This repository contains code, pre-trained models and data for the following Interspeech 2022 submission:
"Predicting pairwise preferences between TTS audio stimuli using parallel ratings data and anti-symmetric twin neural networks"
Cassia Valentini-Botinhao, Manuel Sam Ribeiro, Oliver Watts, Korin Richmond, Gustav Eje Henter
Go to a suitable location and clone repository:
git clone https://github.com/cassiavb/PrefNet.git
cd PrefNet/
Make a directory to house virtual environments if you don't already have one, and move to it:
virtualenv --distribute --python=/usr/bin/python3.6 env
source env/bin/activate
With the virtual environment activated, you can now install the necessary packages.
pip install --upgrade pip
To replicate env used in IS22 subimssion:
pip install tensorflow-gpu==1.10.1
pip install Soundfile==0.10.2
pip install numpy==1.19.4
pip install Keras==2.2.2
pip install kapre==0.1.3.1
pip install h5py==2.10.0
Pre-trained models can be found in models/
Predict the preference between two wavefiles using pre-trained models (GPU only):
./util/submit_tf.sh scripts/predict.py -c config/GRU_4.cfg -m models/interspeech_2022/LargeSet.hdf5 -i1 file1.wav -i2 file2.wav
Data from Eval1-7 in the expected format can be found here.

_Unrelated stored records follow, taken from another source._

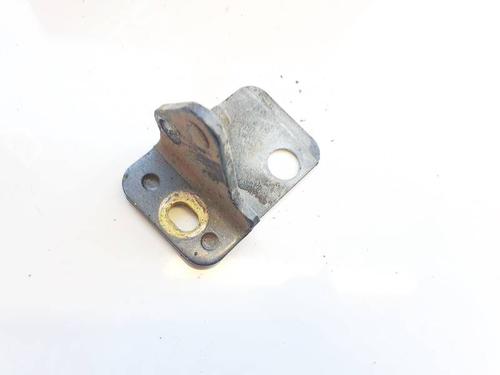 hingedoor-check-strap-audi-a6-c6-4f2-2004-2005-2006-2007-2008-2009-2010-2011-32944732 main image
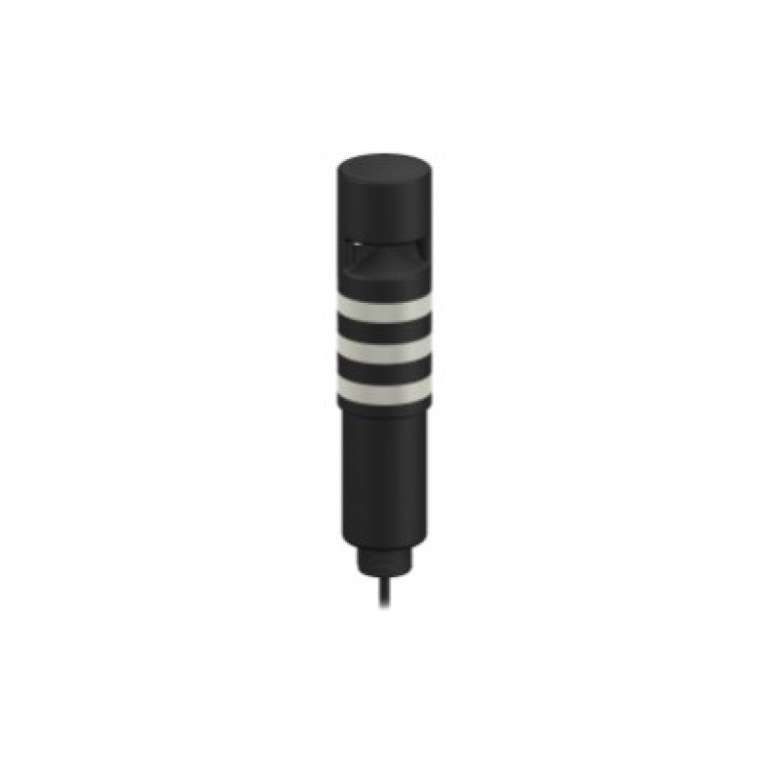 TL50CZGYRAOSI Баннерная башня EZ-Light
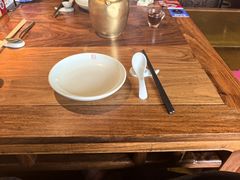 -小吊梨汤·北京菜(香山店)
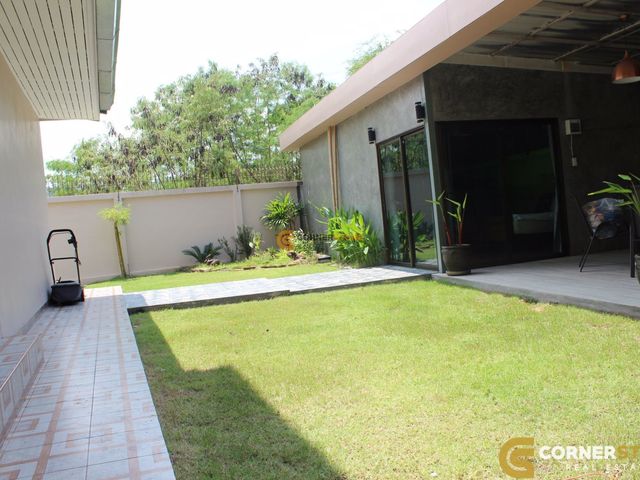 place photo 29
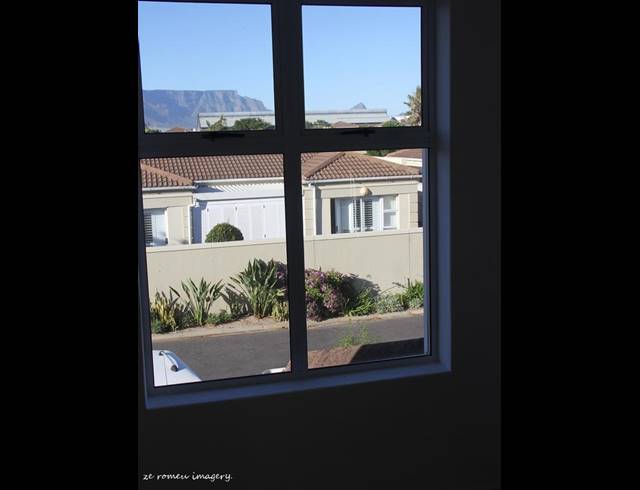 2 BEDROOM PROPERTY TO RENT IN ROYAL ASCOT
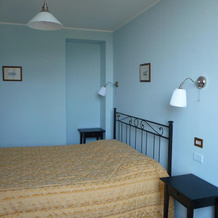 Locanda Volta, Brunate — photo 4
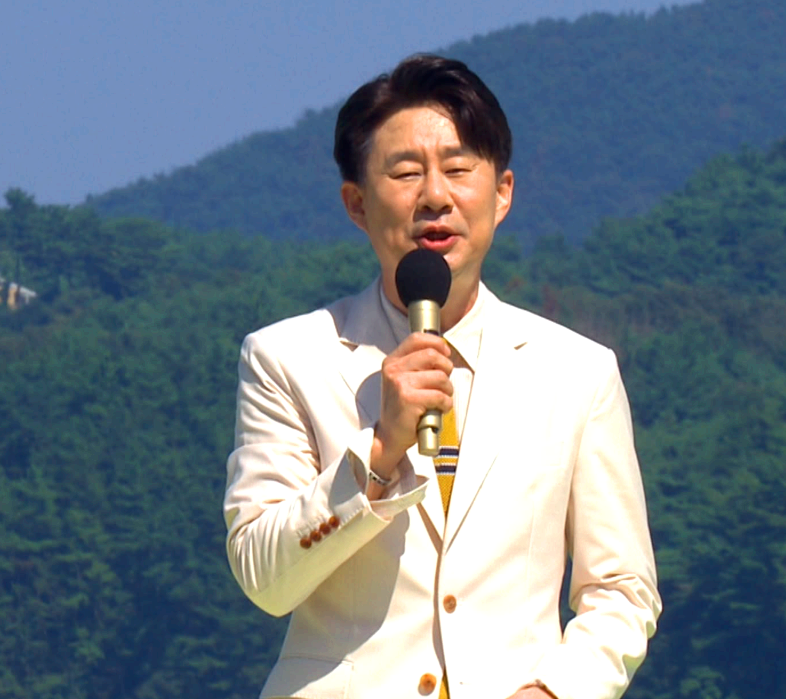 전국 노래자랑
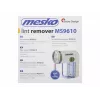 ADLER SP. Z.O.O. Mesko MS 9610 Rimuovi Pelucchi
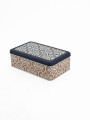 LATA RECTANGULAR ESTAMPA ESTAMPADO 1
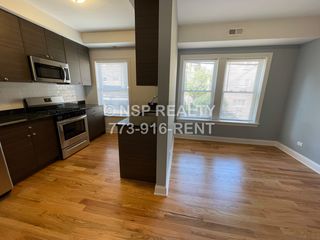 1644 W  Pratt Blvd #2g, Chicago, IL 60626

Data from Large Set coming soon!
./util/submit_tf.sh scripts/train.py -c config/GRU_4.cfg
On test set:
./util/submit_tf.sh scripts/test.py -c config/GRU_4.cfg
On cross validation test sets:
./util/submit_tf.sh scripts/test_crossval.py -c config/GRU_4.cfg
Should be located in:
data_dir/processed/wav16k/
should be named: EXXX___sentence___system.wav
XXX is a unique number that identifies the evaluation (listening test).
Should be located in:
data_dir/processed/scores/EXXX_scores.float
The score file is a binary file in float format that contains a matrix M with pair wise scores between 0 and 1:
M(i,j) = preference of filename(j) over filename(i)
If a pair was not compared in the listening test that matrix element is set to -1
For an evaluation with 100 wavfiles M should be a 100x100 matrix.
Should be located in:
data_dir/processed/filenames/EXXX_filenames.txt
data_dir/processed/filenames/EXXX_pairs.txt
The filenames file is an ascii file containing the name of the wavfiles indexed in the matrix. For this example evaluation this should have 100 lines.
The pairs file is an ascii fike containing all pairs of wavfiles that were compared in the evaluation. The number of lines should match the number of elements in M that are different than -1.